“As a surveyor in my forties, I must be ready for any future change,” says James Shaw Jr., president-elect of the Maryland Society of Surveyors and their Surveyor of the Year for 2012. James represents the new wave of leadership in the surveying profession: he’s experienced in core disciplines of cadastral, geodetic, and development surveying and also integrates other geomatics elements such as remote sensing, information technology, scanning, GNSS, CAD, and GIS data acquisition in his role as project surveyor with a multi-disciplined consulting firm.
To predict the future I examine current new technologies and potentially beneficial academic research, considering accuracy, speed, and cost as constant forces in land surveying. I center my attention on GNSS, reality-capture devices, drones, GIS, and augmented reality.
GPS has proven that accurate and precise positioning is a vital resource. The five global positioning systems in place by 2025 will make more than 115 satellites available, allowing 15-centimeter or better autonomous positioning and sub-centimeter accuracy with proper corrections. A terrestrial-based network to augment positioning underground, underwater, inside buildings, and under canopy is inevitable. GNSS devices will be slightly larger than a standard U.S. quarter.
This advancement could just about eliminate the use of total stations and traverse networks. A single, real-time corrected GNSS device will provide locations for boundary markers and very specific single-point locations.
Outside the realm of single point locations, reality capture will be preferred. Laser scanners will be replaced by 3D orthometric cameras, outfitted with an array of sensors including infrared, multi-spectrum, and thermal capture abilities. The prevalence of 3D capture devices will also lead to crowd-sourcing in the gathering of 3D site data. Laser scanning will survive, limited to micron-level accuracy captured within seconds instead of minutes.
Aerial drones outfitted with GNSS and reality capture devices, working autonomously with minimal instruction and communicating with each other to ensure complete site coverage, will enable a single surveyor to capture hundreds of acres of land or thousands of square feet of building interiors in high resolution in hours. Intelligent GNSS-enabled targets onsite will communicate positioning corrections to the drones.

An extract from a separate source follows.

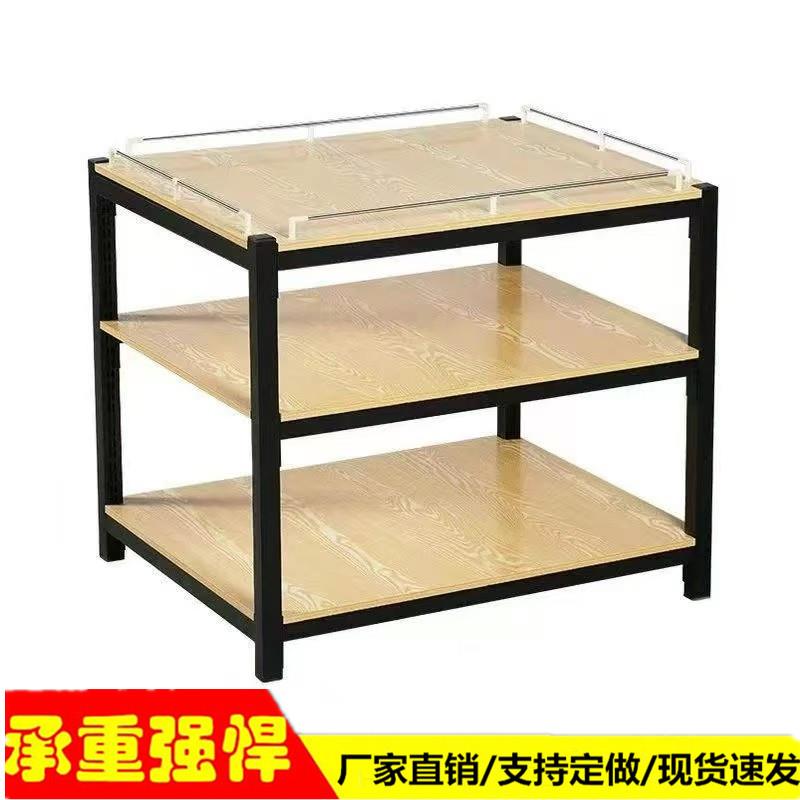超市牛奶堆头货架粮油米面饮料礼品盒展示架便利店促销台地堆架子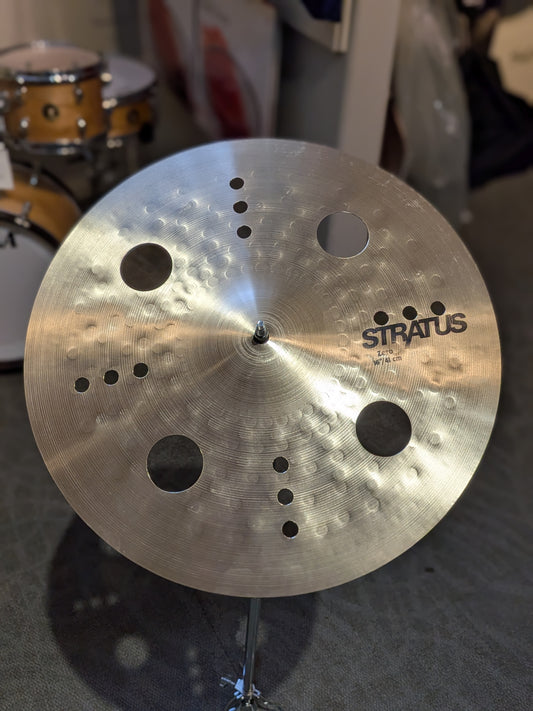 Sabian 16" Stratus Zero Crash Cymbal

Aquatic drones will “fly” through rivers, ponds, lakes, oceans, and submerged culverts collecting sonar images of river beds, sea beds, and submerged structures. Terrestrial drones will map and catalog subsurface utilities. More rudimentary location techniques will be required to locate utilities into which a drone cannot be placed.
Automated modeling of 3D captured elements will eventually need minimal hands-on adjustment. Traditional drafting will cease to exist. CAD/GIS will evolve to the point where raw 3D capture becomes the base model for engineering and architectural designs.

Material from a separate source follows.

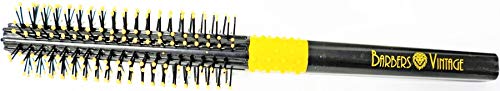 Barbers Vintage Quiff Roller Styling Brush For Men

Using these combined technologies, the surveyor becomes the recognized expert at high-accuracy reality capture, both indoors and out, and the primary source for architectural as-built data—providing existing structure models for architectural design.
Collaboration will be the norm. Proprietary practice will cease. All geospatial intelligence will be stored in vast, collective databases (GIS). Each professional will be recognized as the contributor of specific geospatial information through meta-data and branding. Income will be generated by licensing access to the data.
Virtual duplication of our world is a goal of many in business, science, and academia. As the expert in geospatial location, the licensed land surveyor must play a prominent role in the foundation of this virtual world and would regain lost esteem by contributing the high-accuracy reality capture and definitive property locations to the databases. Otherwise, we could see the end of our profession within the next 30 years.
It will take 30 to 40 years to map the 70 million parcels, 2.3 billion acres, 5 million commercial buildings, and 350,000 industrial facilities in the United States. Then surveyors will maintain and update the geospatial locations (topography, buildings, boundaries, easements) as needed.
The building of these databases will cause the eventual elimination of many jobs in surveying, title abstraction, subsurface utility location, building documentation, aerial mapping, drafting, and construction layout. Survey field crews will be unnecessary. With a current median age of 57, the number of licensed surveyors will decrease. Technology and automation will allow the remaining few to fill the void.
The final affecting technology will be augmented reality, achieved through specialized glasses, contacts, implants, or projected holograms. In the future we will examine the geospatial database visually in real-time. A surveyor will visualize the drones collecting data to see any areas missed or that need enhancement. Property owners will see boundary lines, zoning setback lines, and easements projected onto the existing ground as a visible entity. Municipal reviewers will see proposed land improvements or buildings projected onto an existing site. Construction workers will see where to grade or install structures. Augmented reality will make geospatial location a commonplace utility.
All these predictions are based on existing technologies. I am merely ruminating on the perfection, combination, and adoption of these technologies to solve today’s common problems. Possibly there are disruptive technologies, yet developed, which will forever alter land surveying as we know it. One thing is certain, the future will be exciting, and I cannot wait to be a part of it.